— Data for analysis —
>>>
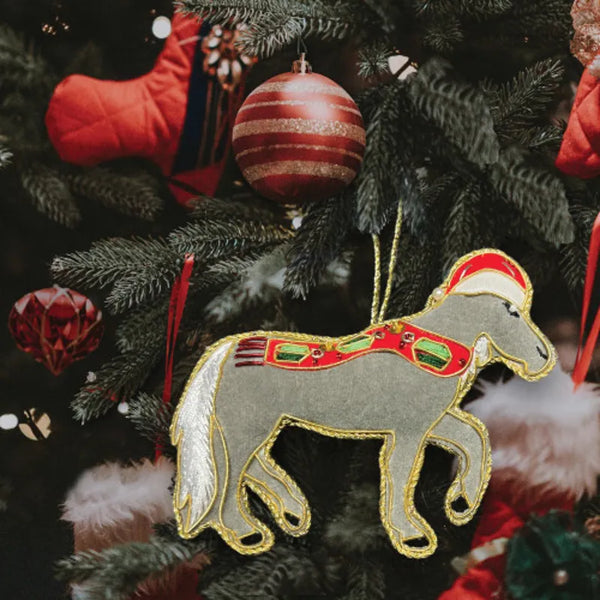 Equetech Beaded Grey Horse Christmas Decoration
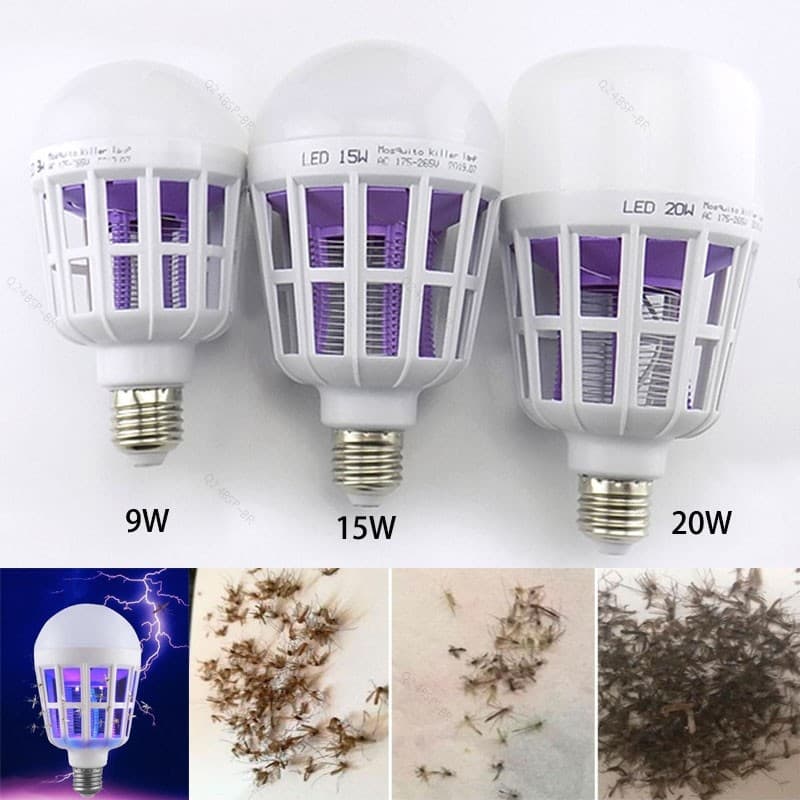 9W/15W/20W LED Mosquito Assassino Lâmpada 2 Em 1 E27 Para Casa Interior Anti Repelente Bug Zapper AC 175 ~ 220V BR24B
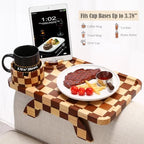 Nnewvante Checkerboard Couch Armrest Table, 3 in 1 Clip-on Table Rubberwood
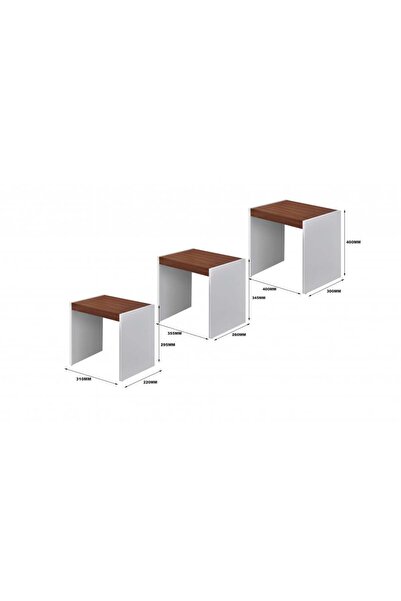 BAITY 3-Piece Interlocking Side Tables Set - White and Brown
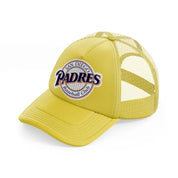 san diego padres baseball club outline-gold-trucker-hat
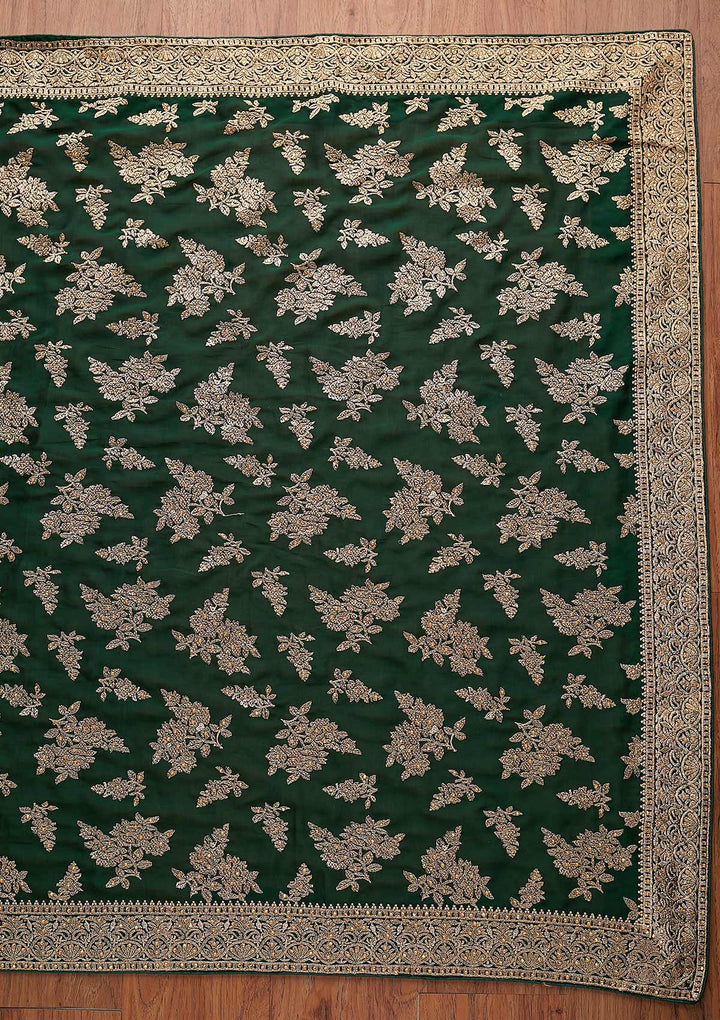 Bottle Green Zariwork Art Silk Designer Saree - koskii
<<<
— Task objective —
Pictures stay out of the copy; please restate every record above exactly.

— Response box —
 Equetech Beaded Grey Horse Christmas Decoration
 9W/15W/20W LED Mosquito Assassino Lâmpada 2 Em 1 E27 Para Casa Interior Anti Repelente Bug Zapper AC 175 ~ 220V BR24B
 Nnewvante Checkerboard Couch Armrest Table, 3 in 1 Clip-on Table Rubberwood
 BAITY 3-Piece Interlocking Side Tables Set - White and Brown
 san diego padres baseball club outline-gold-trucker-hat
 Bottle Green Zariwork Art Silk Designer Saree - koskii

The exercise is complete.